Liebe Friedensbewegte!

Otto Reger (in Mannheim)



- Es gilt das gesprochene Wort -



Es scheint, als wäre die Bundeswehr in MA nicht mehr vorhanden. Die frühere Ludwig-Frank-Kaserne existiert nicht mehr. Da, wo einst Soldaten untergebracht waren, leben heute Studentinnen und Studenten. Der ehemalige Nato-Bunker in MA-Feudenheim steht zwar nach wie vor, aber statt ihn mit immensem Aufwand abzureißen, wurde er saniert und ein Stockwerk oben draufgesetzt. Das Gelände um den Bunker dient nicht mehr dazu, den sog. Verteidigungsfall vorzubereiten, sondern wird jetzt durch Wohnhäuser und einen Bürokomplex sinnvoll genutzt. MA ist kein Einzelfall, auch in anderen Orten ist die Bundeswehr abgezogen und wurden Kasernen geschlossen. Und der Personalbestand der Bundeswehr wurde beträchtlich reduziert. Mit Blick auf die von uns geforderte Schließung der zahlreichen US-Kasernen in MA möchte ich hervorheben, dass es hier eine Menge Erkenntnisse gibt, die auch in MA genutzt werden können.
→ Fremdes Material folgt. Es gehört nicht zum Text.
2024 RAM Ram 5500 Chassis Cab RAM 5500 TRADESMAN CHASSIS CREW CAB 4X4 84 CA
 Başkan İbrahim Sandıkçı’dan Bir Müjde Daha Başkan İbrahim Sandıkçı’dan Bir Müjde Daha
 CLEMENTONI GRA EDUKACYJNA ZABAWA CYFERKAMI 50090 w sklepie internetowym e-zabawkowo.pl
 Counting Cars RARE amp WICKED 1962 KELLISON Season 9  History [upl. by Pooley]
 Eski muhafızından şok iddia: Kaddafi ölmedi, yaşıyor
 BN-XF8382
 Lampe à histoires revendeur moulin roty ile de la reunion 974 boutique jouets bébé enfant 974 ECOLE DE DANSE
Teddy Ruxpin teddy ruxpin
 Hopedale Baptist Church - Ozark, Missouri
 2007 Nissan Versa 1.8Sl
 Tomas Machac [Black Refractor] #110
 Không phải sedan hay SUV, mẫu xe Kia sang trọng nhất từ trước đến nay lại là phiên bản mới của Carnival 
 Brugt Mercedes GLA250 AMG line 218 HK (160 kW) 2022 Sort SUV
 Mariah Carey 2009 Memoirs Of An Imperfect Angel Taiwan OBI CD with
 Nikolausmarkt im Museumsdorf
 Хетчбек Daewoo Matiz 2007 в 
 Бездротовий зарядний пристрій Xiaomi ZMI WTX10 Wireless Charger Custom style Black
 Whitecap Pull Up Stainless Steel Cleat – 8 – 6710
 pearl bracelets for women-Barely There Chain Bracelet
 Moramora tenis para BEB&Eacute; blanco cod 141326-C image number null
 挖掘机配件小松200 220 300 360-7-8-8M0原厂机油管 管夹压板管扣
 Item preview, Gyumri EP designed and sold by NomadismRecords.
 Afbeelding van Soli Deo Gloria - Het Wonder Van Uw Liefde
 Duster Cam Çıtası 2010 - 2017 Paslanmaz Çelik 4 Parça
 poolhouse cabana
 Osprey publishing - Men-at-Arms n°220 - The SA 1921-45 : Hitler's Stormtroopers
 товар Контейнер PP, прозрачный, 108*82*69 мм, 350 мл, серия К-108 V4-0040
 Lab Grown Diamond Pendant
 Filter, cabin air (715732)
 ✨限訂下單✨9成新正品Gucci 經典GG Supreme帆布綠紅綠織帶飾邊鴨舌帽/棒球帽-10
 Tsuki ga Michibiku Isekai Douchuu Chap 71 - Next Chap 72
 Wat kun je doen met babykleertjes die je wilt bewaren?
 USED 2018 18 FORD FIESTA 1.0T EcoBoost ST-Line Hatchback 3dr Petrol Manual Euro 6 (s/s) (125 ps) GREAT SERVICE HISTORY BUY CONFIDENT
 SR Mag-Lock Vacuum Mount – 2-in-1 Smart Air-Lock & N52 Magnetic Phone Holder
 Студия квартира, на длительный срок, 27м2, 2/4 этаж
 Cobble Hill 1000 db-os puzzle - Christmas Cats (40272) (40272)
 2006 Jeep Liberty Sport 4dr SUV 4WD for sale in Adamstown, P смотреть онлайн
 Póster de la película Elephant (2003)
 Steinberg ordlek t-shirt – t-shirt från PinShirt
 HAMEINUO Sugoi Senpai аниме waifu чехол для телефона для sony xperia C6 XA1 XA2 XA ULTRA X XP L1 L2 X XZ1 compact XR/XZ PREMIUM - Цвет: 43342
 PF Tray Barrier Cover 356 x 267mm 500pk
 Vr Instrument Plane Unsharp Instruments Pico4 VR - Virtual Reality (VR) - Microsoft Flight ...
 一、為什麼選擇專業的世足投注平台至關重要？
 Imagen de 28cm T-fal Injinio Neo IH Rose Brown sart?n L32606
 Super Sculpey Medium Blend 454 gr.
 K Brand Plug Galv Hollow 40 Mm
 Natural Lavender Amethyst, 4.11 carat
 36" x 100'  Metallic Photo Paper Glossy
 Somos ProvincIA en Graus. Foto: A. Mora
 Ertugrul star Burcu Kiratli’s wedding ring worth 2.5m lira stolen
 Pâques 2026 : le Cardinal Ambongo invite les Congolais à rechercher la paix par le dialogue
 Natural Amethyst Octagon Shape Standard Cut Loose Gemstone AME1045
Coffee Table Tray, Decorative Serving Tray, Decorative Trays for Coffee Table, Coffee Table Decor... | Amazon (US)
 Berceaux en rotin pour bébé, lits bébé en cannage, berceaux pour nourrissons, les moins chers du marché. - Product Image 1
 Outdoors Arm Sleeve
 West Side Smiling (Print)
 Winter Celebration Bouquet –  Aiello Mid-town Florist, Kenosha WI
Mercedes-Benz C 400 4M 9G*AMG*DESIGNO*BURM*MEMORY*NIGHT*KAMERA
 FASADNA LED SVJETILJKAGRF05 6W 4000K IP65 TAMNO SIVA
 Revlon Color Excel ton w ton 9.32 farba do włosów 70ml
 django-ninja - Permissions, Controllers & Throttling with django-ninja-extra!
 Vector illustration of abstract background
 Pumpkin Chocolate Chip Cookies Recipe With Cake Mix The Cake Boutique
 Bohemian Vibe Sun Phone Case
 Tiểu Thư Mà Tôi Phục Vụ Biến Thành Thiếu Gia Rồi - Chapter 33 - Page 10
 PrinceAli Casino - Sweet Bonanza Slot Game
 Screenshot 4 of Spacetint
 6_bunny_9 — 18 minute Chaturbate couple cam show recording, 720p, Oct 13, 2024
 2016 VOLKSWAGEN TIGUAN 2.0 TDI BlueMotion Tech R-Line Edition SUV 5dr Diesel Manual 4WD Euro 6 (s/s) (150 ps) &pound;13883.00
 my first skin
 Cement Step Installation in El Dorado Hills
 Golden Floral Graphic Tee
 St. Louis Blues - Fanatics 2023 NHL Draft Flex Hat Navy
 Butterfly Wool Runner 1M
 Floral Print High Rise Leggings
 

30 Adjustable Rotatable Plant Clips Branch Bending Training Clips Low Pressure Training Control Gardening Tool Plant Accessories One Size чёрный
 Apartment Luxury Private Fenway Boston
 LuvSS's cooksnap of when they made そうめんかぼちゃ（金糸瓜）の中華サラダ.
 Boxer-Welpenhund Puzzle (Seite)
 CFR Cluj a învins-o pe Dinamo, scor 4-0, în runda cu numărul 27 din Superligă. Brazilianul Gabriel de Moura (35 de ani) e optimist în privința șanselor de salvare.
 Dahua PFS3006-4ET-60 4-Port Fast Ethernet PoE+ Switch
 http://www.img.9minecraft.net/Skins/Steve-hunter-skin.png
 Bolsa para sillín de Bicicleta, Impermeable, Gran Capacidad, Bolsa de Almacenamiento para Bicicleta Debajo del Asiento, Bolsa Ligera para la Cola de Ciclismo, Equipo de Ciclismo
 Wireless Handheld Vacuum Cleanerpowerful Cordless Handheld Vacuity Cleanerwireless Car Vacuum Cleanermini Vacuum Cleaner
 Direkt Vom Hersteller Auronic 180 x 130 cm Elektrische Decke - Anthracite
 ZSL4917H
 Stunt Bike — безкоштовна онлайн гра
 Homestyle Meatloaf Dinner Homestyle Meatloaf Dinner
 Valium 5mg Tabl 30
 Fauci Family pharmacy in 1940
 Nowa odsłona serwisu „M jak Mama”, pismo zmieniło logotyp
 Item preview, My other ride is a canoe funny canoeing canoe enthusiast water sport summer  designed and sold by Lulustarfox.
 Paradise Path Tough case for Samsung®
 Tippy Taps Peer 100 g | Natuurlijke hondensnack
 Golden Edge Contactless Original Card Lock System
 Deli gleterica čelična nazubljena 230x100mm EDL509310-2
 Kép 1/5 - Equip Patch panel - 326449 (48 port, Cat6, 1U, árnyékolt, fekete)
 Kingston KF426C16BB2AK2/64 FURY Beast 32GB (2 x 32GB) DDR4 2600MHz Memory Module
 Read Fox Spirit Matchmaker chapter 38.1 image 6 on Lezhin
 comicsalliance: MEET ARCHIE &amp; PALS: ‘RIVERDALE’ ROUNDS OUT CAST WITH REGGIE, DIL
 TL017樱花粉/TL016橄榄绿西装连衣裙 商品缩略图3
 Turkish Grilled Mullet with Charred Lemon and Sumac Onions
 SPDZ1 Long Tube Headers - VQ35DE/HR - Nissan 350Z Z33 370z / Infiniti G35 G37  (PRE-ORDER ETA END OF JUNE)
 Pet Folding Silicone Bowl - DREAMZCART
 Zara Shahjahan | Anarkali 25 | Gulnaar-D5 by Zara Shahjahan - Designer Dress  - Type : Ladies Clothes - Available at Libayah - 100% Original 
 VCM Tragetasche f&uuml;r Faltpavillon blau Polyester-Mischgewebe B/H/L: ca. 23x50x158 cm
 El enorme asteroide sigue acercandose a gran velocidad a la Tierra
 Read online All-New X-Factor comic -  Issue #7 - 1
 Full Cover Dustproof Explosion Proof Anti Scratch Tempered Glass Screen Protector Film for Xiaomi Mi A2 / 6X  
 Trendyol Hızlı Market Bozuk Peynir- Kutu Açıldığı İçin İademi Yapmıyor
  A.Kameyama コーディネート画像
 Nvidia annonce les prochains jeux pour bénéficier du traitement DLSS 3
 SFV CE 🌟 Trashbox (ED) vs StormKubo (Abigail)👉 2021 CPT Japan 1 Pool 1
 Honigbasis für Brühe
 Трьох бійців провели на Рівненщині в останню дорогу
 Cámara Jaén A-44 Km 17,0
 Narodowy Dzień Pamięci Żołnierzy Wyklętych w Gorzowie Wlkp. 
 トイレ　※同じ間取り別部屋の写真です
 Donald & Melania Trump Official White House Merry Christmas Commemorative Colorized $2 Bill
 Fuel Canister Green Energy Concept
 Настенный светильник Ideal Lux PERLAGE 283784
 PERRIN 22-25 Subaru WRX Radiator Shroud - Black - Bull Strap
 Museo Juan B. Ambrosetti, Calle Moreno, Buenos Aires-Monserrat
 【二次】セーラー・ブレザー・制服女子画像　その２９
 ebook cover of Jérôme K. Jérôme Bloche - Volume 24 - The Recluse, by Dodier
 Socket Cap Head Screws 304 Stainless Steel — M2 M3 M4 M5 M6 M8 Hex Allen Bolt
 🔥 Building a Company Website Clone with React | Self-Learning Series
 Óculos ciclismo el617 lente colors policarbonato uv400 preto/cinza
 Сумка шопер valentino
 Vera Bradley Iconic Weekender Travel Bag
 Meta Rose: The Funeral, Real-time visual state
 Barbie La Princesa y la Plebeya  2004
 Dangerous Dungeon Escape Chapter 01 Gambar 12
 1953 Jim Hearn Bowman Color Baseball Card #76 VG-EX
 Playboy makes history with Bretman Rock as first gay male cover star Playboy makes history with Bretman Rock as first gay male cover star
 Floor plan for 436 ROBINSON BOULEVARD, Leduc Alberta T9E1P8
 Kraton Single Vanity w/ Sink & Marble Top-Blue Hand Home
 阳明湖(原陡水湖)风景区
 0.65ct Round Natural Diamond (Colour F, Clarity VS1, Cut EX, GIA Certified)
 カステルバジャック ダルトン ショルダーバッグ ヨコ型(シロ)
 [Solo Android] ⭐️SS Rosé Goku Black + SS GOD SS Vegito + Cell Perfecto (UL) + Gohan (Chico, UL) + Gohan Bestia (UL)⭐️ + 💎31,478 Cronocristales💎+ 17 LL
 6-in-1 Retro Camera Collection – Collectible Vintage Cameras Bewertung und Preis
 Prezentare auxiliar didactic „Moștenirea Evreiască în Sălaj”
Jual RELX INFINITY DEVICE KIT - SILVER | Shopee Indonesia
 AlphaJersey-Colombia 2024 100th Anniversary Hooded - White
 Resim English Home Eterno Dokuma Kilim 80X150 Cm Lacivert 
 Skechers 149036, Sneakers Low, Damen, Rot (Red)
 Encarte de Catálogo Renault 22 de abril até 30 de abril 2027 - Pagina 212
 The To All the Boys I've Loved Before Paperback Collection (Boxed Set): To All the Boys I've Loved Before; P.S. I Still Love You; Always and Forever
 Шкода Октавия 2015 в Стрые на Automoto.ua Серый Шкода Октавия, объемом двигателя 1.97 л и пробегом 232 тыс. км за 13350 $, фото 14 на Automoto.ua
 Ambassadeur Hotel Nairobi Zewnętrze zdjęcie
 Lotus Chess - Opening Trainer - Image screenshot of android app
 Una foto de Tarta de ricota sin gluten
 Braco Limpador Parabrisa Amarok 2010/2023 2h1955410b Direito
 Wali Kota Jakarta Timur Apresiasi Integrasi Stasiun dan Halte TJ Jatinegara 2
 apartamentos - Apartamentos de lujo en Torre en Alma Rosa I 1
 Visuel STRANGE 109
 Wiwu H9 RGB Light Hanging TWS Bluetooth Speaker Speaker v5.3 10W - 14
Auch wenn zum Zwecke der Rationalisierung Kasernen geschlossen wurden gibt es die Bundeswehr nach wie vor, gerüsteter und einsatzstärker denn je. Und auch hier in MA ist die Franz-Josef-Jung-Truppe nach wie vor vertreten. Mit der Routenführung unseres diesjährigen Ostermarsches wollten wir diese Tatsache stärker ins Bewusstsein rufen.

Im Stadtteil Neuostheim unweit vom Flugplatz befindet sich die Bundesakademie für Wehrtechnik und Wehrverwaltung. Sie liegt auf einem Areal, welches zwei weitere Bundeswehr-Einrichtungen umfasst: Erstens die Fachhochschule des Bundes für Wehrverwaltung und zweitens die Bundeswehrverwaltungsschule. Alle drei Institutionen zusammen bilden den sog. Bildungscampus Neuostheim. Doch damit nicht genug, die Bundeswehr ist auch noch an einer weiteren Stelle in MA präsent. In Mannheim-Seckenheim gibt es neben der amerikanischen Hammond-Kaserne nämlich noch eine weitere Bundeswehr-Einrichtung. Jeder junge Mann um die 18 Jahre kommt daran nicht vorbei: Ich meine das Kreiswehrersatzamt und die Musterung.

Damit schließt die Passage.